I was trying to work out a strategy whereby a musical artist can make the average UK salary from their musical career – I haven’t got there yet but will let you all know once I fathom it!
Either way, online streams must form part of the equation.
I know, I know, its impossible to make any money from streams…but, is it?
A quick look at Dave‘s Spotify shows he has 8 million monthly listeners, that means that if each of them listen to only one song, once, per month Dave takes home £330,000 per year just from Spotify (using this calculator). Now, that’s Dave, he’s a superstar so it may not seem that helpful to look at his numbers, but clearly there is money to be made from streaming. The average listener (and there are 113 million premium subscribers) listens to more than 25 hours of Spotify per month, a song is usually about 3 minutes long so people are listening to 500 songs per month (or more likely 50 songs 10 times each).
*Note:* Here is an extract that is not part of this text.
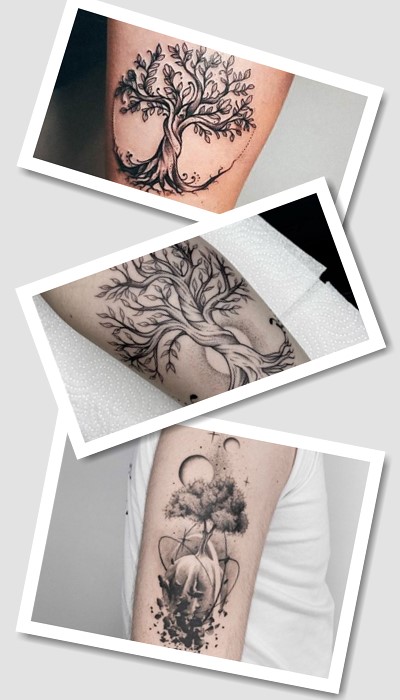 значення татуювання дерево життя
What if you could build an audience of say, 1,000 monthly listeners, who listen to 10 of your songs 10 times per month? That’s 1.2 million streams which will gross around £4,128 – hardly life changing, I suppose but you wouldn’t turn down an extra £4k a year would you!? Get 10,000 of those kinds of fans and you’re earning from Spotify more than the average UK salary. Now think of that artist that you really like but most people outside of your close friendship group have never heard of…look them up on Spotify and see how many monthly listeners they have – is it more than 10k? Spotify is paying out over £40,000 to them or their representatives (assuming each of those listeners is playing their tracks 100 time each per month on average).
They may not take home all of that £40k and there will have been a lot of costs relating to getting their music to that point but all of a sudden Spotify’s measly per stream royalty rates feel as though they can make up part of a decent income.
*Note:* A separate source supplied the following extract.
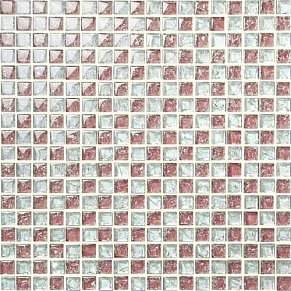 Decor-mosaic Стиль MDS-12 Мозаика (стекло) 30,2х30,2 см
The next barrier we come up against is the fact that a sing is uploaded to Spotify every 1.4 seconds. So how do you compete with the 60,000 songs being uploaded every day? Well…one in every three songs listened to on Spotify is heard via an official Spotify curated playlist – so its safe to presume that getting on one of these playlists really can be a golden ticket to the inner-circle. So it is crucial that you are submitting your songs to these editorial playlists – this is done via your Spotify for Artists portal and you want to submit your pitches at least a few weeks before the release for the best chance of being featured.
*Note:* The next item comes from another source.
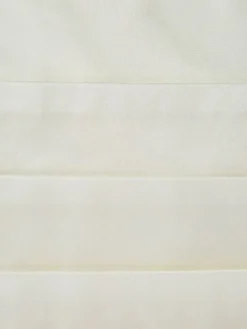Sale Reiss Cameron Silk Grosgrain Cummerbund Ivory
Now, let’s say you’ve got onto the playlist, you have a bunch of new listeners (they’re not fans yet…), you need these people to follow you so that your future releases go to their Release Radar playlists. Make your profile appealing. Go back to that’s artist who you love’s Spotify page, I’m guessing they’ve built it in such a way that it almost looks like their own website. The artwork at the top of the page matches their latest album – which is fairly similar to most of their work – they have at least one playlist they’ve created themselves (the first track on each is one of their own…followed by similar songs by similar artists), they have a bio and a list of their tour dates. They are good citizens of Spotify. And there’s some merch for sale at the bottom (a sale of a £15 t-shirt is roughly equivalent to 4,500 streams) – plus they’re promoting you everywhere they go.